DATASET CONTENT ▸

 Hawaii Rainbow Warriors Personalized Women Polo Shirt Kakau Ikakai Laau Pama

* * *

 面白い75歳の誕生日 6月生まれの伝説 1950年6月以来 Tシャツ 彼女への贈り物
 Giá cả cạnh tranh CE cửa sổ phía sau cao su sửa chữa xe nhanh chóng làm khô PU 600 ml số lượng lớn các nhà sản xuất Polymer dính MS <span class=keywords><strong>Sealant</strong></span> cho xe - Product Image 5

...

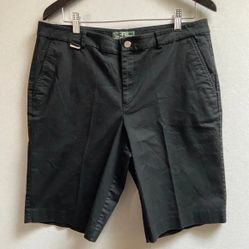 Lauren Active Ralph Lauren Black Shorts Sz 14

TASK STATEMENT ▸ Reproduce verbatim only the segment of the listing bounded by the line containing "面白い75歳の誕生日 6月生まれの伝説 1950年6月以来 Tシャツ 彼女への贈り物" and the line containing "Giá cả cạnh", with both boundary lines included.

RESPONSE FOR THIS EXERCISE ▸
 面白い75歳の誕生日 6月生まれの伝説 1950年6月以来 Tシャツ 彼女への贈り物
 Giá cả cạnh tranh CE cửa sổ phía sau cao su sửa chữa xe nhanh chóng làm khô PU 600 ml số lượng lớn các nhà sản xuất Polymer dính MS <span class=keywords><strong>Sealant</strong></span> cho xe - Product Image 5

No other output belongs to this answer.